Le champagne peut-il se relever de cette crise sanitaire sans précédent ? Oui à condition que chacun des acteurs, petits et grands, laisse entendre sa voix sur l’échiquier économique. Il en va de la vie comme de la mort de vignerons, viticulteurs, négociants-manipulants, coopératives et récoltants-coopérateurs. Car plus qu’un acte de résistance, la communication représente la voie du salut des professionnels du secteur. Éclairage de Virgile Lacroix, co-gérant et fondateur de CIDÉO, agence de communication installée au coeur du vignoble à Aÿ travaillant aux côtés des vignerons et viticulteurs depuis près de 20 ans.
Comment l’activité champagne peut-elle se relever de cette crise ?

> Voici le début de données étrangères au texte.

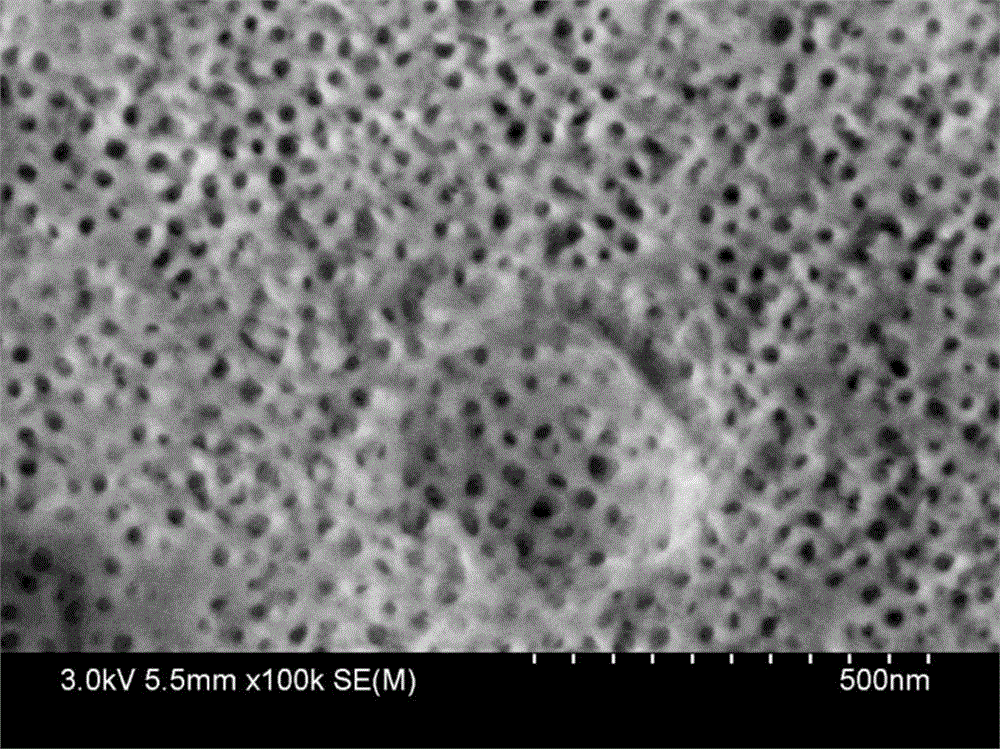 Method for microporous treatment of metal surface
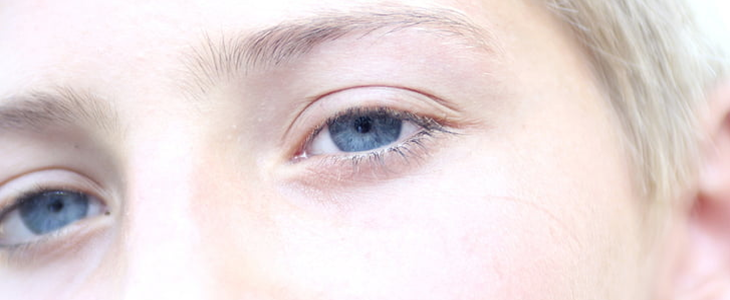 眼皮松弛怎么办 眼皮 松弛 美妆 第3张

Virgile Lacroix : Notre vignoble connaît actuellement une profonde transformation mise à mal par l’onde de choc pandémique de COVID-19. Au départ sanitaire, la crise atteint maintenant la sphère économique, exacerbant le jeu des pouvoirs. Les relations intra vignoble se révèlent et ne laissent plus d’autre choix aux vignerons ou aux viticulteurs qui veulent perdurer que de passer par des actes forts. Ceci afin de créer de la valeur mais également de limiter les interdépendances avec les autres acteurs ou encore de réviser leur stratégie marché. Vigneron, viticulteur, récoltant-coopérateur, coopérative et négociant-manipulant, tous les professionnels du secteur sont concernés sans exception.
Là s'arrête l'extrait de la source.